- **Exercise requirements**:
Go through the listing below, and from the line containing "You'll decide on" through its last line, transcribe every line exactly, skipping pictures.

- **Data below**:
☆ ☆ ☆ ☆ ☆ ☆ ☆

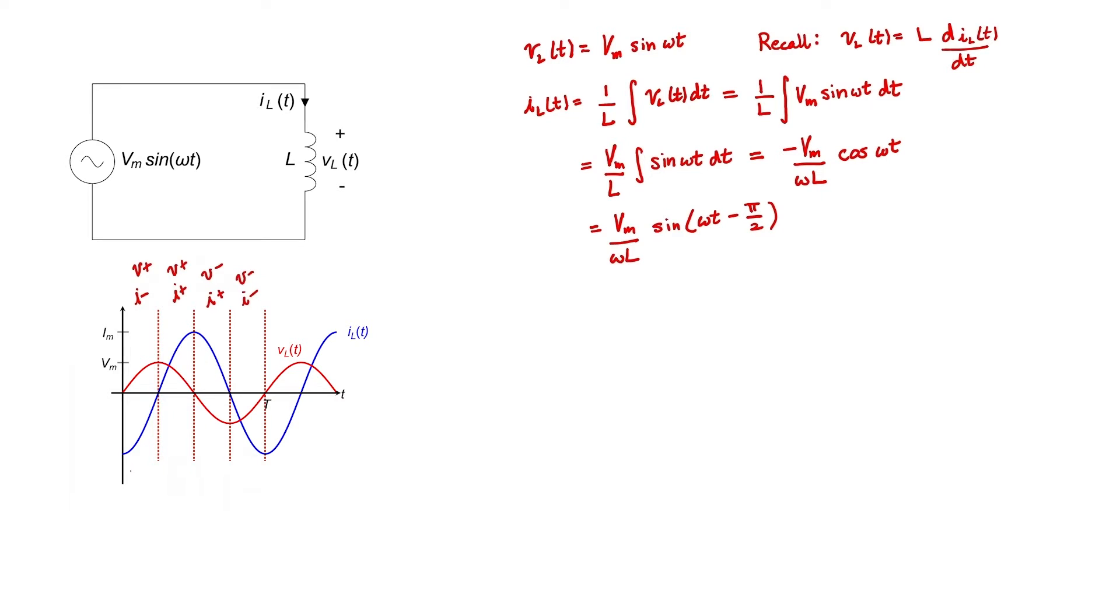Because power equals voltage times current, we can conclude that power is negative. Power is positive. Power is negative. And finally, power is positive in the inductor in each of these four regions.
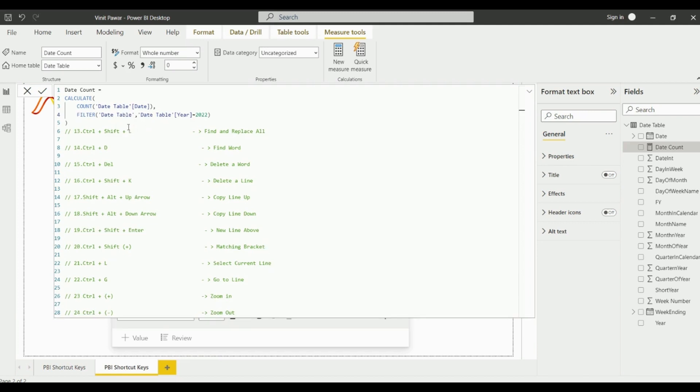The next shortcut key is Ctrl+Shift+Plus for the matching brackets. This is actually working but Power BI internal is working here.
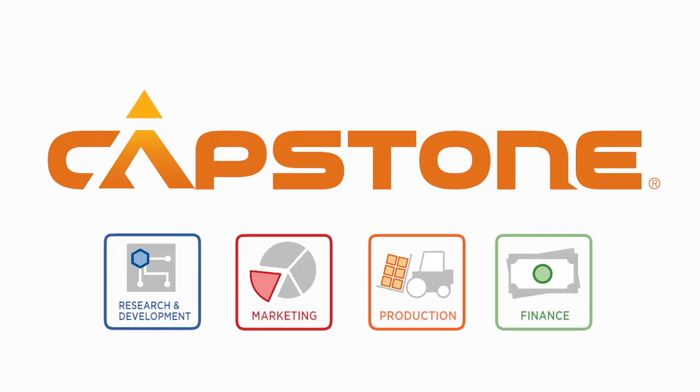You'll decide on what type of products to create, how to market, produce, and sell them, targeting customers and financing operations to keep your company afloat.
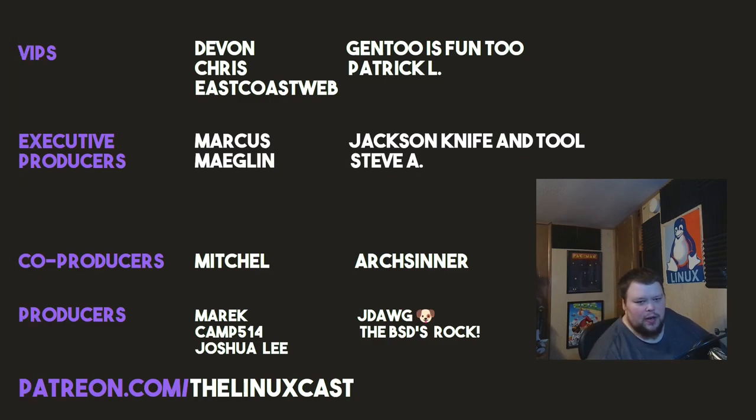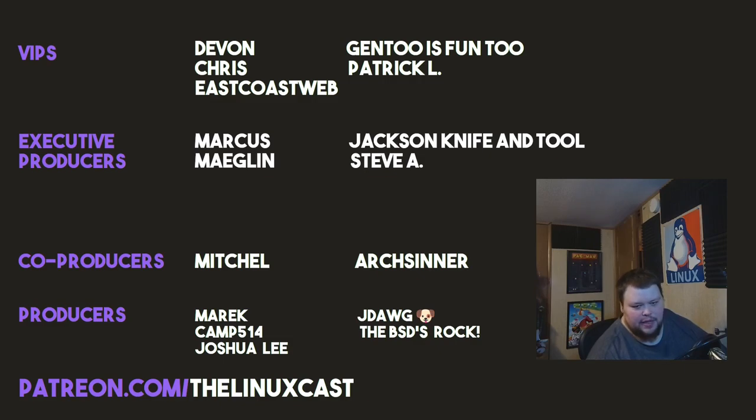Devon, Chris, East Coast Web, Gentoo is Fun 2, Patrick L., Marcus, Meglin, Jackson, Nathan Tool, Steve A., Mitchell, Arts Center, Merrick, Camp Joshua Lee, J-Dog, and the BSDs Rock. Thanks everybody for watching. I'll see you next time.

☆ ☆ ☆ ☆ ☆ ☆ ☆

- **Result for this task**:
You'll decide on what type of products to create, how to market, produce, and sell them, targeting customers and financing operations to keep your company afloat.
Devon, Chris, East Coast Web, Gentoo is Fun 2, Patrick L., Marcus, Meglin, Jackson, Nathan Tool, Steve A., Mitchell, Arts Center, Merrick, Camp Joshua Lee, J-Dog, and the BSDs Rock. Thanks everybody for watching. I'll see you next time.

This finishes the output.